Show HN: Turn Touch wooden smart home remote now shipping - conesus
https://turntouch.com
======
conesus
Hey HN, I run NewsBlur and am launching my hardware project Turn Touch today.
Launched last year as a Kickstarter campaign, it is now available for
immediate shipping.

Turn Touch is a beautiful wooden smart home remote and pedestal. It’s designed
to fit both your home and your hand. Use it to instantly control Hue lights,
smart devices, Mac and iOS apps, and more. Turn Touch connects to most smart
devices in your home that speak WiFi, including Sonos speakers and Belkin Wemo
smart plugs. Turn Touch works with your Mac, iPhone, or iPad to control apps
like iTunes, Spotify, and Keynote.

Here’s a few more reasons to buy it:

* Extraordinary design — This isn't yet another plastic remote. Turn Touch is carved from solid wood and worked to a show-stopping, textured finish.
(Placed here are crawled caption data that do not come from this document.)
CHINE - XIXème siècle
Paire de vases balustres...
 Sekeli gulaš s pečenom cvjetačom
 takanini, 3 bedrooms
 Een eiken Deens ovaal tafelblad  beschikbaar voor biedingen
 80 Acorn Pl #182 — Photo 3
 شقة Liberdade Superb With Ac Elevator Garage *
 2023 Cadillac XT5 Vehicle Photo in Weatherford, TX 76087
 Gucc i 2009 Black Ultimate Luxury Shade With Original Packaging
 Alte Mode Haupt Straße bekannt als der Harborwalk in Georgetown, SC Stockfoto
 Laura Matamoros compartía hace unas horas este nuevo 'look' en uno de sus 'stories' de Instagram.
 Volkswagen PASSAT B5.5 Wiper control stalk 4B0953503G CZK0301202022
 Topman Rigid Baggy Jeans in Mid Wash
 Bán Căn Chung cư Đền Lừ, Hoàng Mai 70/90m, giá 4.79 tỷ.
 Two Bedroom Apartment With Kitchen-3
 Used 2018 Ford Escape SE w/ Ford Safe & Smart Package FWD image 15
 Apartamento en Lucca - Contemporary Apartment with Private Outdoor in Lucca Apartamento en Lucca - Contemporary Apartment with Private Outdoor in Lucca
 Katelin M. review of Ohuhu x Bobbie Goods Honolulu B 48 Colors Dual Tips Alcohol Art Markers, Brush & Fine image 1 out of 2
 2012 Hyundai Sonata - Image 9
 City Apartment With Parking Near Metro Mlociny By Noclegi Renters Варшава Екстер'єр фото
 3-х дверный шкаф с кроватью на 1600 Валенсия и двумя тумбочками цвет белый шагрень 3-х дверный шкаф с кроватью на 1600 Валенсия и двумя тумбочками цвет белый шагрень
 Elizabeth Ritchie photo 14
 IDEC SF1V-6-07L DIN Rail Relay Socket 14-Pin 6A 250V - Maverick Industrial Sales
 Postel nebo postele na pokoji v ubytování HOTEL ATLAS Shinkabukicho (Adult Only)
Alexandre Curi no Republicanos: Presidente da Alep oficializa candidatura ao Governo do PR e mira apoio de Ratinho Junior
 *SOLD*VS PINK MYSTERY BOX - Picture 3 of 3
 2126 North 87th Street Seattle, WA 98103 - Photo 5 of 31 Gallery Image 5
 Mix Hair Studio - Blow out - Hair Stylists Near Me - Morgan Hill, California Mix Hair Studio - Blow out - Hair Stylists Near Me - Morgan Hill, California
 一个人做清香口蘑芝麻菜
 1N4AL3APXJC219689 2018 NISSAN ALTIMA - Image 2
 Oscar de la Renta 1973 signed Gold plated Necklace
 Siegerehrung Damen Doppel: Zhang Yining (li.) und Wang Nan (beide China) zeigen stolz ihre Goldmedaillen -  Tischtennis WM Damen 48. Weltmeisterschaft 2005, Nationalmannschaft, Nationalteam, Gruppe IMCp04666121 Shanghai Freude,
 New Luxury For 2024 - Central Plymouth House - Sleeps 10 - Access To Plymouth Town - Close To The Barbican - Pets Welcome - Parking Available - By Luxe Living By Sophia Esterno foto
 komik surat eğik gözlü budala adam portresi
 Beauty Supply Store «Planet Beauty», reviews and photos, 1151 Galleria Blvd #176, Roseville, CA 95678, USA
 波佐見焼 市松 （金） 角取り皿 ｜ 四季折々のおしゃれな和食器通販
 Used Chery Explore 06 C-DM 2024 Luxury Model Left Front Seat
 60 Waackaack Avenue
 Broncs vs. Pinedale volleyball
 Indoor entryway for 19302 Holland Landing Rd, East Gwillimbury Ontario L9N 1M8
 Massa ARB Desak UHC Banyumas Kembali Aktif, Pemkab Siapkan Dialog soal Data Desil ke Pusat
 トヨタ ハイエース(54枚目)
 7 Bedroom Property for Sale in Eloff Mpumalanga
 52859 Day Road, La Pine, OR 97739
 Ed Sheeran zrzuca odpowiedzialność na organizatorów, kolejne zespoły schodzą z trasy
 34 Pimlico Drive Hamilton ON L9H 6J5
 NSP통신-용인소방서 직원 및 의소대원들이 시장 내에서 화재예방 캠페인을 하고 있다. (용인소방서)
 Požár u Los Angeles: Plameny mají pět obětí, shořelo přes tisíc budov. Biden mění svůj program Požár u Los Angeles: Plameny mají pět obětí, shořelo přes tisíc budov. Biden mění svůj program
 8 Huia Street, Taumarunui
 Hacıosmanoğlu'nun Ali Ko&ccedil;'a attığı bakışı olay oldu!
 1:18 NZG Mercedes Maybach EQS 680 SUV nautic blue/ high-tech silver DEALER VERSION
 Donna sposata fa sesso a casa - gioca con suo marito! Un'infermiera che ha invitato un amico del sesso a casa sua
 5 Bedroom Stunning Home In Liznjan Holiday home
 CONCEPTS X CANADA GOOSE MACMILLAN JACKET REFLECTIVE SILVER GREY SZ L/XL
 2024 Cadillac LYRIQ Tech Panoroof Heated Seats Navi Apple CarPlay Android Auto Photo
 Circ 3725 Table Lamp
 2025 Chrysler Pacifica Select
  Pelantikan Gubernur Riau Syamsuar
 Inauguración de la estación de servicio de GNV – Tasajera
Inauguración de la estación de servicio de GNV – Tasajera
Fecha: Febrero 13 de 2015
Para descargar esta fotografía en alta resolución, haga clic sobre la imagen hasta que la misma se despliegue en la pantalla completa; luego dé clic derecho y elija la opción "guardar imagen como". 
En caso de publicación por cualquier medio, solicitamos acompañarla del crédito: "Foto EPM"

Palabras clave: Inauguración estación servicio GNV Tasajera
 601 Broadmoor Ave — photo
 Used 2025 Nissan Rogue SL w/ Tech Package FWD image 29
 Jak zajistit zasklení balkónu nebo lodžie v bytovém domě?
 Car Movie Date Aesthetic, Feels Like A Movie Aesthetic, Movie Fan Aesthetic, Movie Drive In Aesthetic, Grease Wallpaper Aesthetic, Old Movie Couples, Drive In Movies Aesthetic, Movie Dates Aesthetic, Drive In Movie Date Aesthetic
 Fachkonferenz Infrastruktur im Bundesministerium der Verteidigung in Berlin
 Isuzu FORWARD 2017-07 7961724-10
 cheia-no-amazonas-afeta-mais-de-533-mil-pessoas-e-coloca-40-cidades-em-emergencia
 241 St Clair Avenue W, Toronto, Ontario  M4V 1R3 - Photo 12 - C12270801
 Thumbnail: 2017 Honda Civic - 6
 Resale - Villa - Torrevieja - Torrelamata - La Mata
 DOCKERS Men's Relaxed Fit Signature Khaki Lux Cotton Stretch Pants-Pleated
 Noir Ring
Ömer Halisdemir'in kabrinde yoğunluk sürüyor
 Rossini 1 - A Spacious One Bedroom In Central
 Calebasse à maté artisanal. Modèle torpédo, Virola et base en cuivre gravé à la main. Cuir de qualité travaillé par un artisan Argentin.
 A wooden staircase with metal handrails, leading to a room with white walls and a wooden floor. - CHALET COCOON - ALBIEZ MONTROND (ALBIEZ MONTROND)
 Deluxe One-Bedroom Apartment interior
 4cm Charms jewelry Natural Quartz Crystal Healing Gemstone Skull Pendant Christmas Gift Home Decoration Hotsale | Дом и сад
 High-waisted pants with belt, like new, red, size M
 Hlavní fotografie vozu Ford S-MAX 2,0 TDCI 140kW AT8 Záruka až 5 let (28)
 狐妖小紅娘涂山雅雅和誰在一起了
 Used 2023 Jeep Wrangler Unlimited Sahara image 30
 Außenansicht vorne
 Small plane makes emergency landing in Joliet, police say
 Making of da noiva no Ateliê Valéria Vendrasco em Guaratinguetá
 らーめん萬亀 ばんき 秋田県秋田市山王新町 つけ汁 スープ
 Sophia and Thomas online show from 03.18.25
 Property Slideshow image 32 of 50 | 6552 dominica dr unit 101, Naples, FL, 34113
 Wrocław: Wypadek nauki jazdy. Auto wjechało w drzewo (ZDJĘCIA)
* Well connected — Turn Touch is always on, always connected, and always ready to take your breath away. Once you connect your Turn Touch via Bluetooth it stays connected and always available, even without the Turn Touch app actively running. And there's no delay, when you press a button the result is instant.

﻿* Built to last﻿ — Not only will Turn Touch stand up to drops and shock, its
entire circuit board can be inexpensively replaced with newer, future wireless
tech. You won't have to buy a new remote every time Apple comes out with a new
phone. And instead of flimsy plastic clasps, a set of 8 strong magnets
invisibly hold the remote together.

Plus it’s entirely open source. And good open source projects benefit from
good documentation. Here is a five part series on how Turn Touch was built:
[https://medium.com/@samuelclay/everything-you-need-to-
build-...](https://medium.com/@samuelclay/everything-you-need-to-build-your-
own-turn-touch-smart-remote-1689da664d62)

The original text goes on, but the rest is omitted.